Penny is being prosecuted by Manhattan DA Alvin Bragg's office and faces manslaughter charges.

Libby Emmons Brooklyn NY
Marine Daniel Penny, who subdued mentally ill homeless man Jordan Neely on a New York City subway on May 1, 2023, leading to the man's death, is expected back in a New York City court on Tuesday.

Penny has submitted a motion to dismiss the charges, saying that Neely's behavior on that uptown train had been "insanely threatening." 

Penny is being prosecuted by Manhattan DA Alvin Bragg's office and faces second-degree manslaughter charges and criminally negligent homicide. He pleaded not guilty. A fundraiser was launched for his legal fees.

Penny spoke out in June about the incident, saying that he was "trying to protect passengers." Police have said that Neely was not "specifically being threatened by Neely when he intervened" and that Neely was not "threatening anyone in particular."
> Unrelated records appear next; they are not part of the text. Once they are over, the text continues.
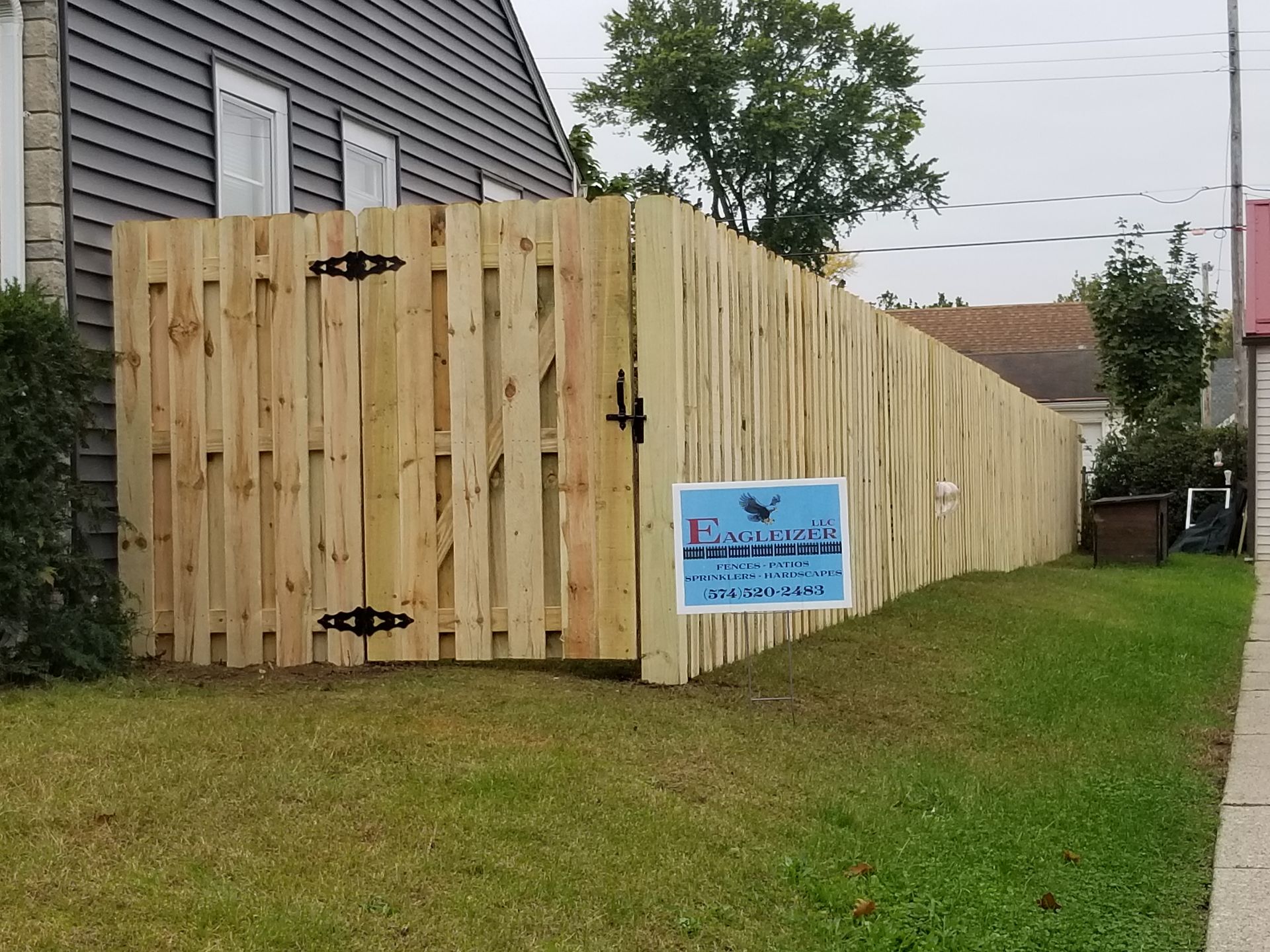A wooden fence with a gate is in front of a house.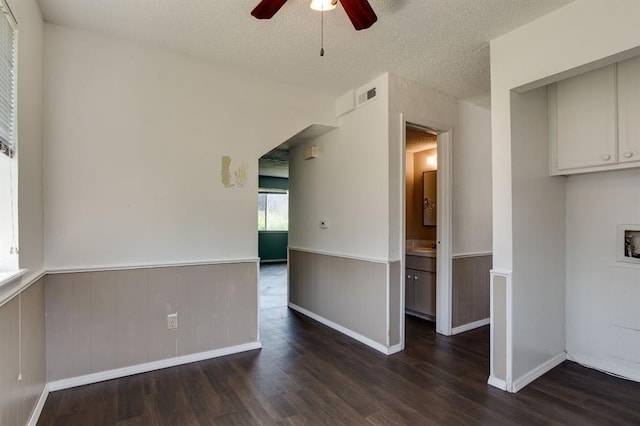 empty room with a wainscoted wall, a ceiling fan, wood finished floors, and a textured ceiling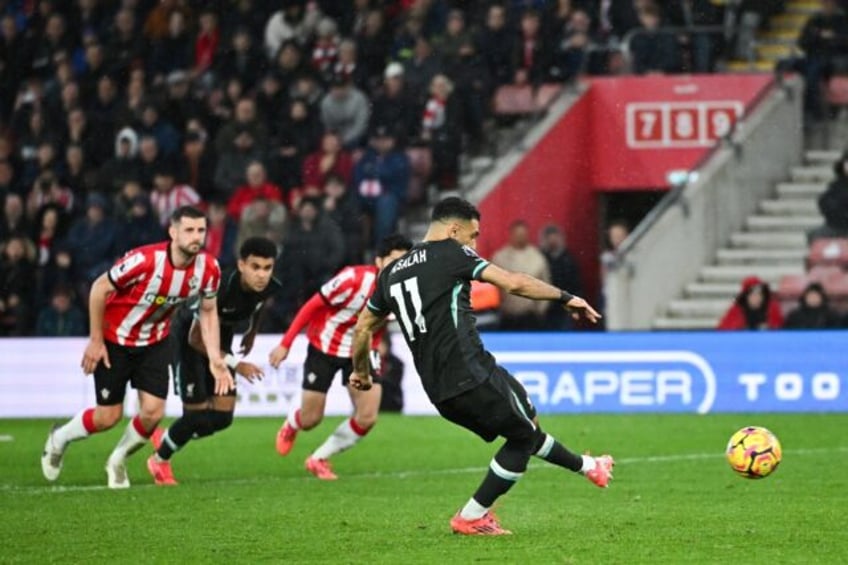 Mohamed Salah converts a penalty to give Liverpool victory at Southampton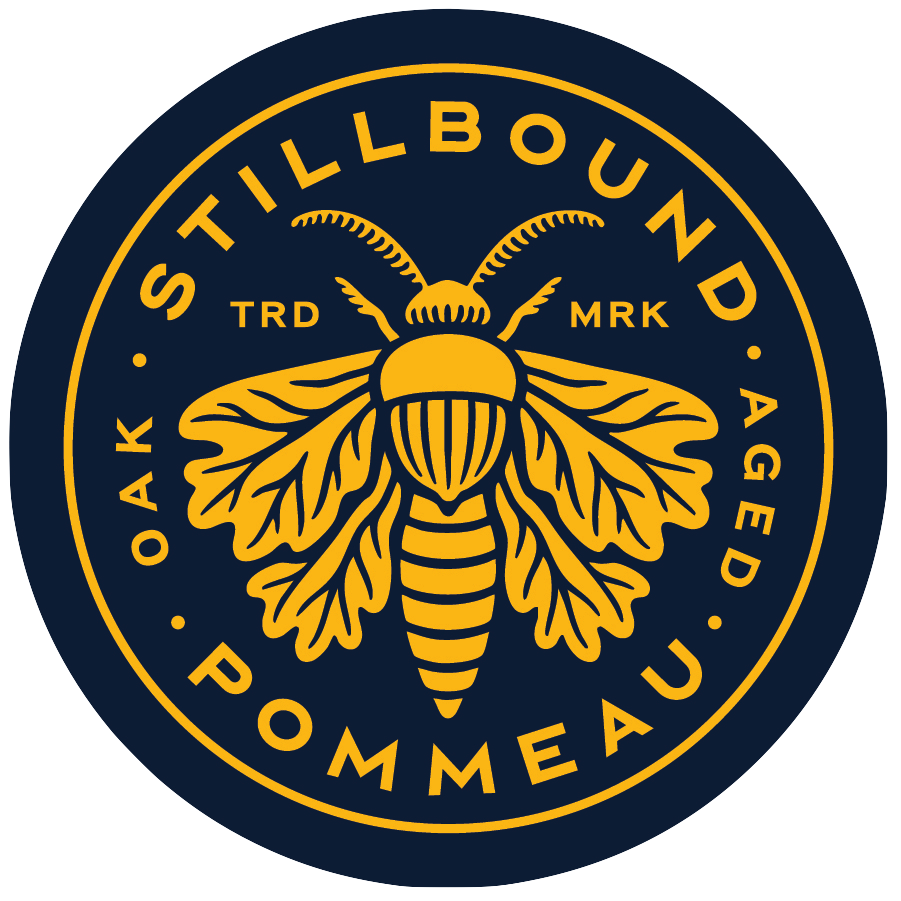 A circular logo with a dark blue background and yellow elements. It features a detailed illustration of a bee with outstretched wings in the center. Around the bee, the text reads "STILLBOUND A G D POMMEAU" with "TRD" and "MRK" on either side of the bee.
"The three main threats that he repeated over and over were 'I'm going to kill you,' 'I'm prepared to go to jail for life,' and 'I'm willing to die'," Penny said.
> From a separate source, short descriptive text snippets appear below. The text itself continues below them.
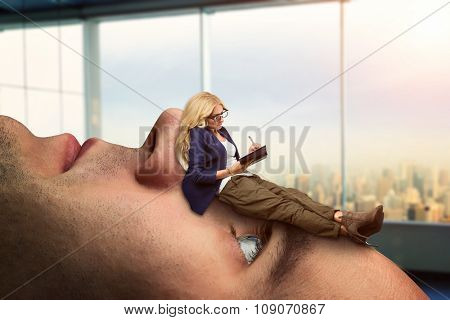 Businesswoman analyst is lying on the client's face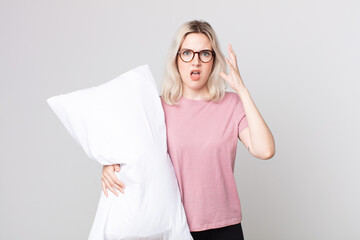young pretty albino woman screaming with hands up in the air wearing pajamas and holding a pillow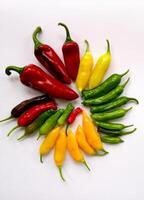 RED, YELLOW, PURPLE AND GREEN FRESH CHILLIES ON A WHITE BACKGROUND photo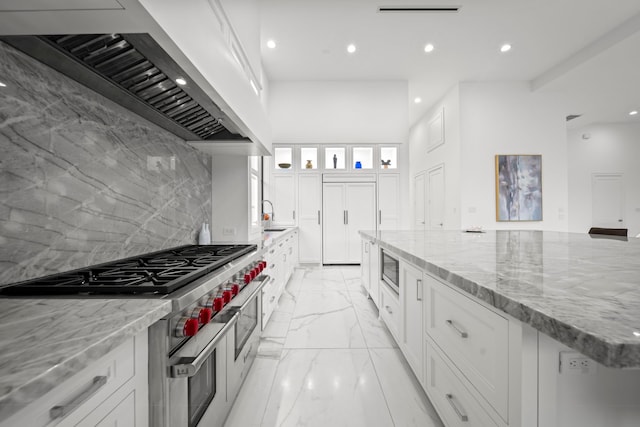 kitchen featuring white cabinets, appliances with stainless steel finishes, premium range hood, and light stone countertops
Penny said it was "a scary situation," and that he was "scared for himself," but that considering the women and children on the train, he "couldn't just sit still."

"Some people say that I was holding onto Mr. Neely for 15 minutes. This is not true," Penny said. "The whole interaction was than less than five minutes. People say I was trying to choke him to death, which is also not true. I was trying to restrain him."

Witnesses confirmed Penny's account, and many thanked him for protecting them after the incident, which left Neely dead. They said the incident was "absolutely traumatizing" and that they were terrified of Neely, who was making threats against passengers. He had been sceaming that he was going to kill a passenger, witnesses say.

Penny faces manslaughter charges and was 24 at the time of the encounter, during which he allegedly placed Neely into a chokehold on the floor of the uptown train. Cell phone video of the incident went viral, and attempts were made by activists to claim race was a factor, as Neely was black and Penny is white.

Neely's mental health issues were known to the NYPD, which had a warrant out for his arrest at the time of his death for punching an elderly woman on the subway. He was also alleged to have shoved a woman on to the subway tracks.